Friday, April 29, 2011

Garden of the Dead

"A garden of the dead": This was the phrase my Paris guidebook used to describe Pere Lachaise - the largest and most famous cemetery in the world - located in the northeast corner of Paris. This is a fitting epithet, as I discovered today on my journey to paint this vast land of souls laid to rest.








Pere Lachaise is like a world unto itself - with it's winding tree-lined pathways through acres of tombs, monuments, and mausoleums. Inside the walls of this cemetery are buried the likes of Oscar Wilde, Marcel Proust, Honore de Balzac, the famous lovers Peter Abelard and Heloise, Edith Piaf, and our very own Jim Morrison. A big thank you to Rachel M. for suggesting this spot.














This morning when I awoke, it was overcast and grey - so I killed time doing other tasks waiting for the weather to clear up so I could go paint at Pere Lachaise. Then it dawned on me - what better time to go hang out in a 200 year-old cemetery than under a dark, brooding sky. How morbidly Romantic.

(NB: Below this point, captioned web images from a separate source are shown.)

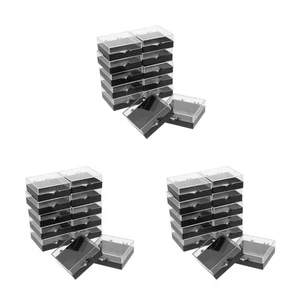 3 PCS Badge Display Box Jewelry Storage Brooch Showcase Pin Stand - Picture 1 of 7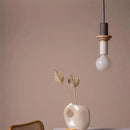 Axyaa Wooden Pendant Light LED Nordic Kitchen Bedroom Decor
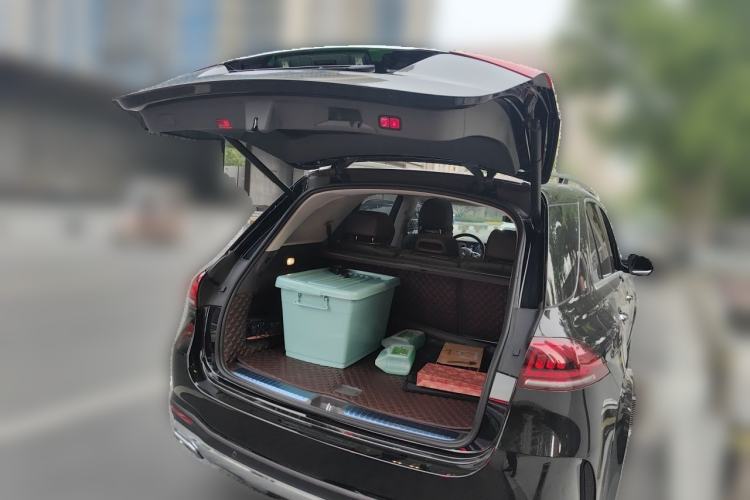 Used Mercedes-Benz GLE 2020 Restyled GLE 350 4MATIC Fashion Edition Trunk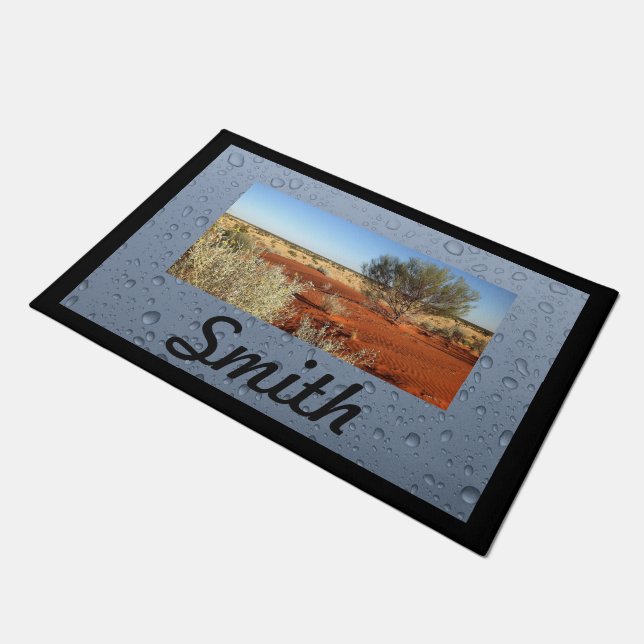 Create your own photo door mat (Angled)
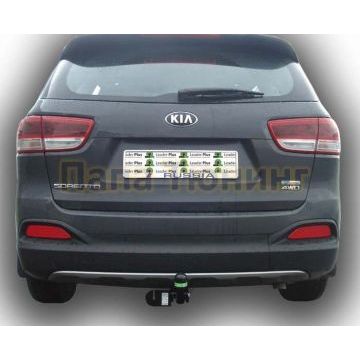 Фаркоп Лидер-Плюс на дизель для Hyundai Santa Fe/Kia Sorento Prime 2015-2017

Halfway through my little painting, an old French man with piercing blue eyes approached me and told me I was very "courageux" to be painting here. When I asked him why, he responded jovially in French "Aren't you afraid that a dead person will rise up out of one of those tombs?" We both laughed and I responded that I wasn't afraid.
But now that he mentioned it.......

I spent the remaining daylight hours in a cafe just outside the cemetery drinking one coffee after another, getting buzzed on the caffeine, writing, and drawing - waiting for the rush hour to end so that I didn't have to crowd onto the metro with a wet painting. That never ends well.


I was thankful to have yet another unique and authentic Paris experience.